2024-01-07 18:11:20

by Jonas Dreßler

[permalink] [raw]
Subject: Re: [PATCH v2 0/4] Power off HCI devices before rfkilling them

On 1/3/24 13:15, Jonas Dreßler wrote:
> Hi Luiz,
>
> On 1/2/24 19:39, Luiz Augusto von Dentz wrote:
>> Hi Jonas,
>>
>> On Tue, Jan 2, 2024 at 1:19 PM Jonas Dreßler <[email protected]> wrote:
>>>
>>> In theory the firmware is supposed to power off the bluetooth card
>>> when we use rfkill to block it. This doesn't work on a lot of laptops
>>> though, leading to weird issues after turning off bluetooth, like the
>>> connection timing out on the peripherals which were connected, and
>>> bluetooth not connecting properly when the adapter is turned on again
>>> quickly after rfkilling.
>>>
>>> This series hooks into the rfkill driver from the bluetooth subsystem
>>> to send a HCI_POWER_OFF command to the adapter before actually
>>> submitting
>>> the rfkill to the firmware and killing the HCI connection.
>>>
>>> ---
>>>
>>> v1 -> v2: Fixed commit message title to make CI happy
>>>
>>> Jonas Dreßler (4):
>>>    Bluetooth: Remove HCI_POWER_OFF_TIMEOUT
>>>    Bluetooth: mgmt: Remove leftover queuing of power_off work
>>>    Bluetooth: Add new state HCI_POWERING_DOWN
>>>    Bluetooth: Queue a HCI power-off command before rfkilling adapters
>>
>> Apart from the assumption of RFKILL actually killing the RF
>> immediately or not, I'm fine with these changes, that said it would be
>> great if we can have some proper way to test the behavior of rfkill,
>> perhaps via mgmt-tester, since it should behave like the
>> MGMT_OP_SET_POWERED.
>
> Testing this sounds like a good idea, I guess we'd have to teach
> mgmt-tester to write to rfkill.

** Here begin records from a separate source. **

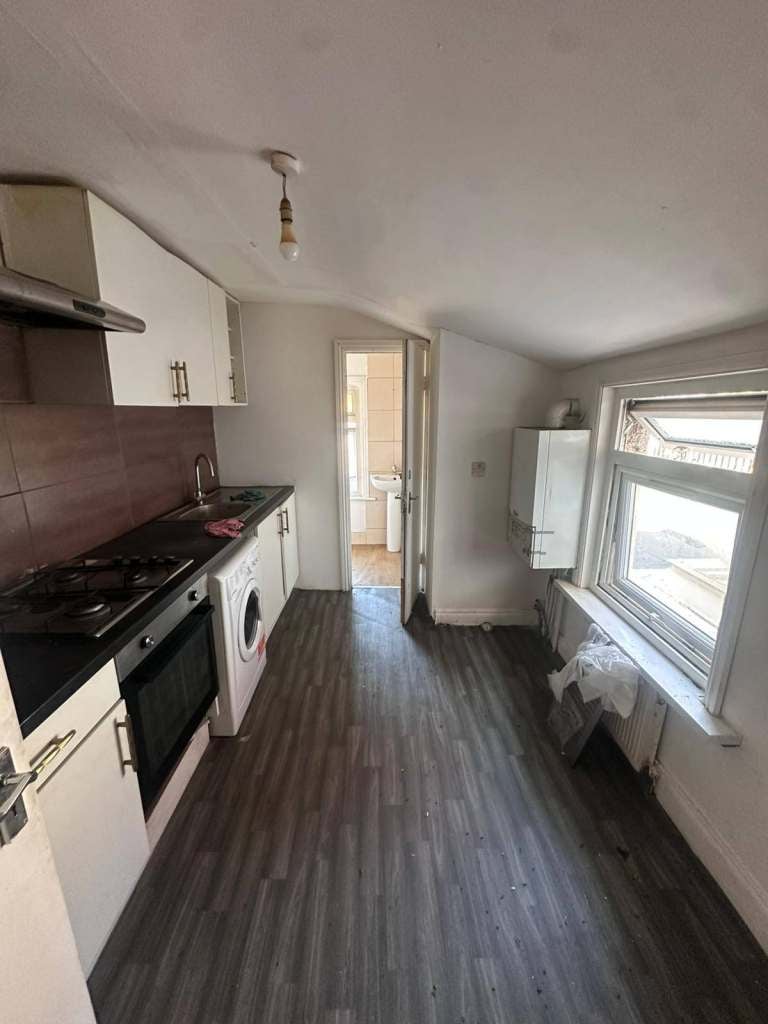 Flat Portway in Greater London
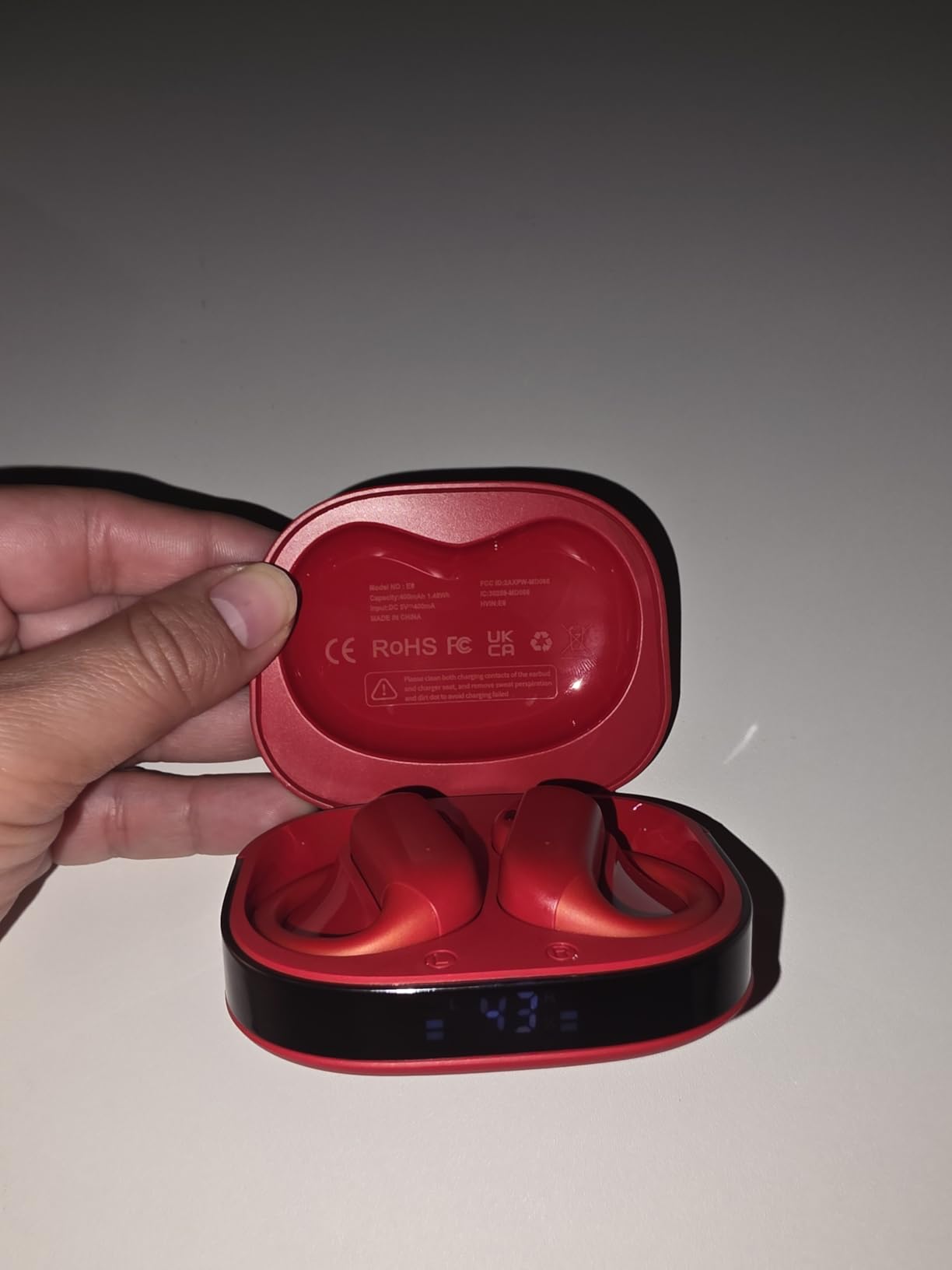 Ai Translation Earbuds Real Time, 164 Languages Translator Earbuds with 6 Translation Modes/No Subscription, Audio and Video Calls Translator Headphones, Audifonos Traductores Inglés Español, Coal Black customer photo 1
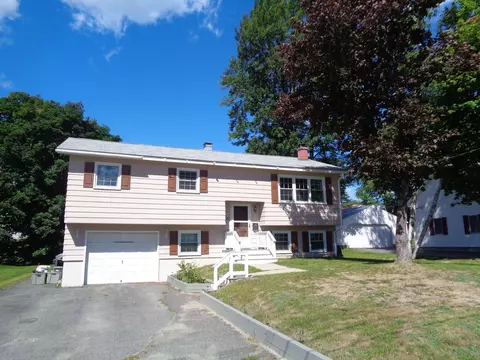 100 New York St, Millinocket, ME 04462 photo 1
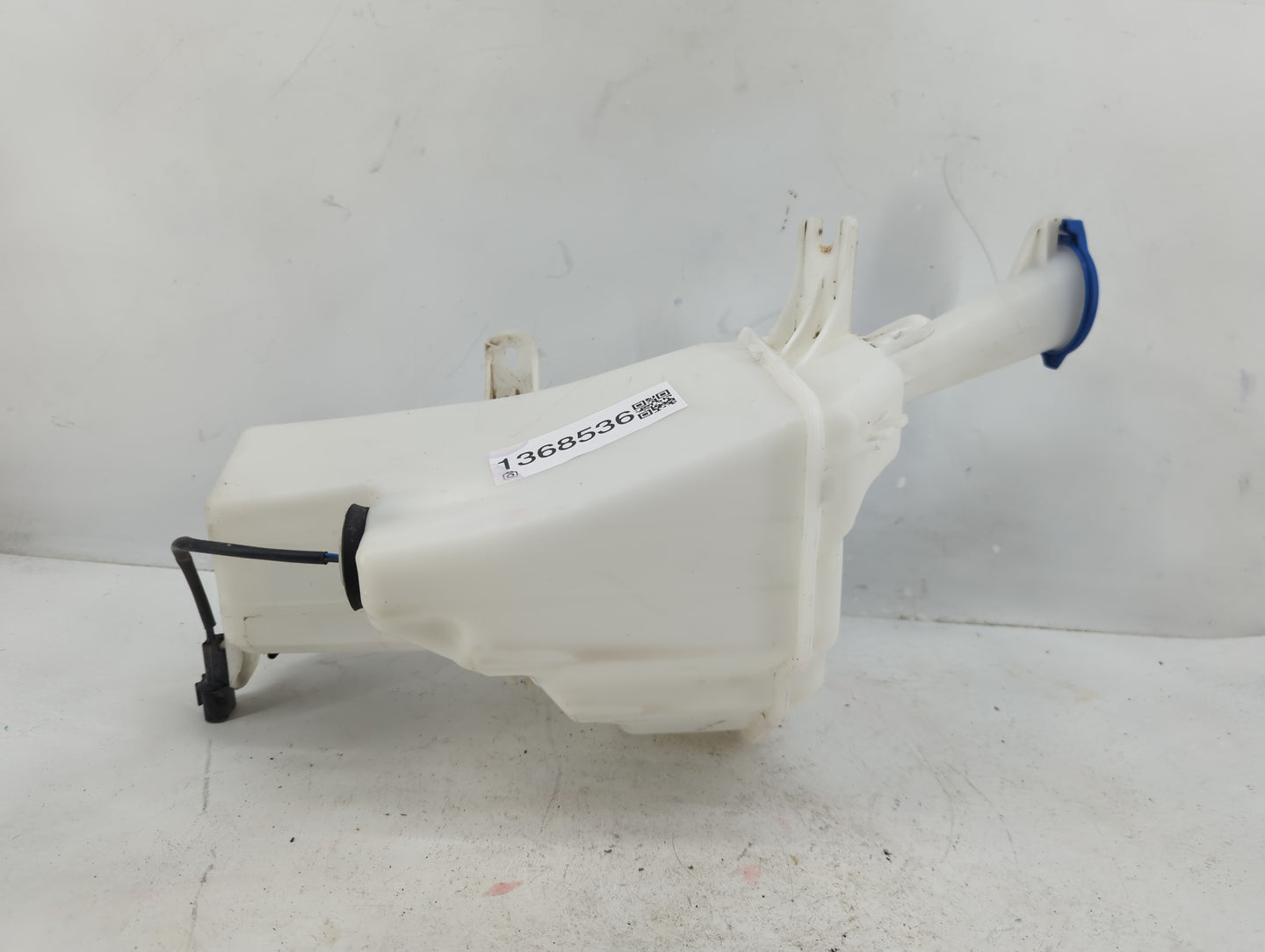 2014-2016 Kia Forte Windshield Washer Fluid Reservoir Bottle Oem - Oemusedautoparts1.com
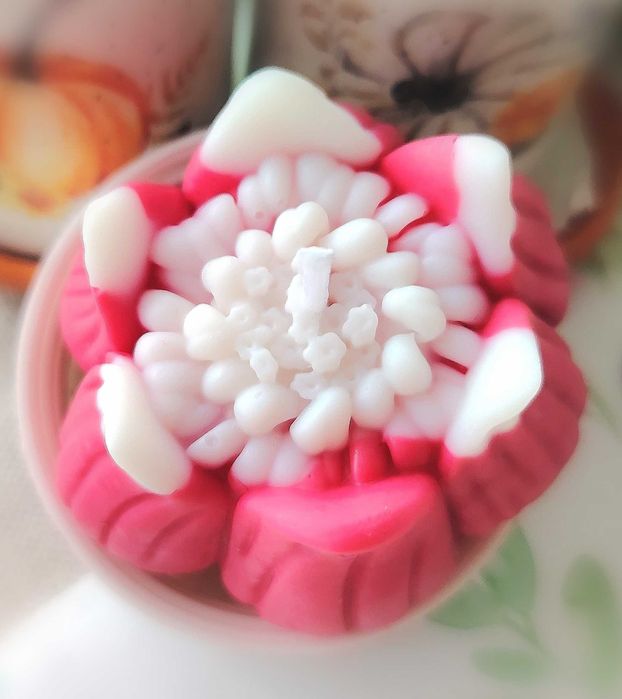 Подаръци от восък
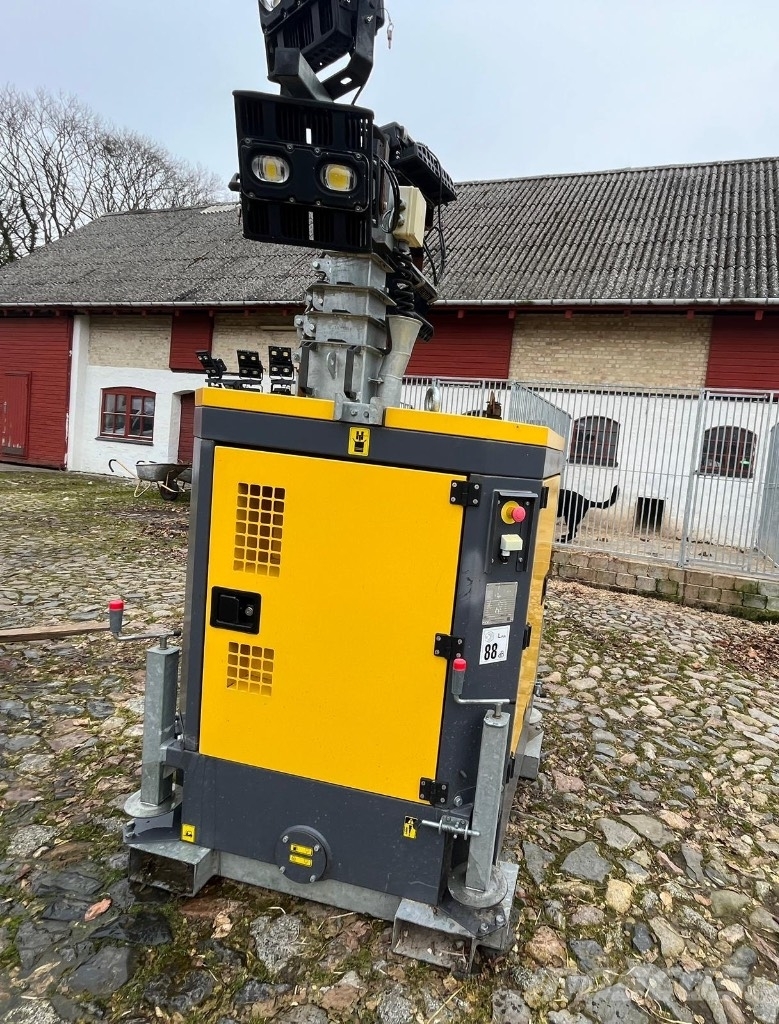 Atlas Copco Hilight B5+ 拖车式灯塔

The bigger problem seems to be that
> there's no MGMT event for power changes and also no MGMT_OP_GET_POWERED,
> so that's a bit concerning, could userspace even be notified about
> changes to adapter power?

Sent v3 of the patchset now, I didn't add a test to mgmt-tester because
it's actually quite tricky to notice the full shutdown sequence happened
rather than just closing the device. As long as no devices are
connected, the difference is mostly in a few (faily random) events:

btmon without the patch:

@ MGMT Event: Class Of Device Changed (0x0007) plen 3

{0x0001} [hci0] 169.101804
Class: 0x000000
Major class: Miscellaneous
Minor class: 0x00
@ MGMT Event: New Settings (0x0006) plen 4

{0x0001} [hci0] 169.101820
Current settings: 0x00000ac0
Secure Simple Pairing
BR/EDR
Low Energy
Secure Connections

btmon with the patch:

< HCI Command: Write Scan Enable (0x03|0x001a) plen 1

#109 [hci0] 7.031852
Scan enable: No Scans (0x00)
> HCI Event: Command Complete (0x0e) plen 4

#110 [hci0] 7.033026
Write Scan Enable (0x03|0x001a) ncmd 1
Status: Success (0x00)
< HCI Command: LE Set Extended Advertising Enable (0x08|0x0039) plen 2

#111 [hci0] 7.033055
Extended advertising: Disabled (0x00)
Number of sets: Disable all sets (0x00)
> HCI Event: Command Complete (0x0e) plen 4

#112 [hci0] 7.034202
LE Set Extended Advertising Enable (0x08|0x0039) ncmd 1
Status: Success (0x00)
< HCI Command: LE Clear Advertising Sets (0x08|0x003d) plen 0

#113 [hci0] 7.034233
> HCI Event: Command Complete (0x0e) plen 4

#114 [hci0] 7.035527
LE Clear Advertising Sets (0x08|0x003d) ncmd 1
Status: Success (0x00)
@ MGMT Event: Class Of Device Changed (0x0007) plen 3

{0x0001} [hci0] 7.035554
Class: 0x000000
Major class: Miscellaneous
Minor class: 0x00
@ MGMT Event: New Settings (0x0006) plen 4

{0x0001} [hci0] 7.035568
Current settings: 0x00000ac0
Secure Simple Pairing
BR/EDR
Low Energy
Secure Connections

Maybe we could add a fake connection and check whether that is
disconnected on the rfkill, but I don't think mgmt-tester supports that..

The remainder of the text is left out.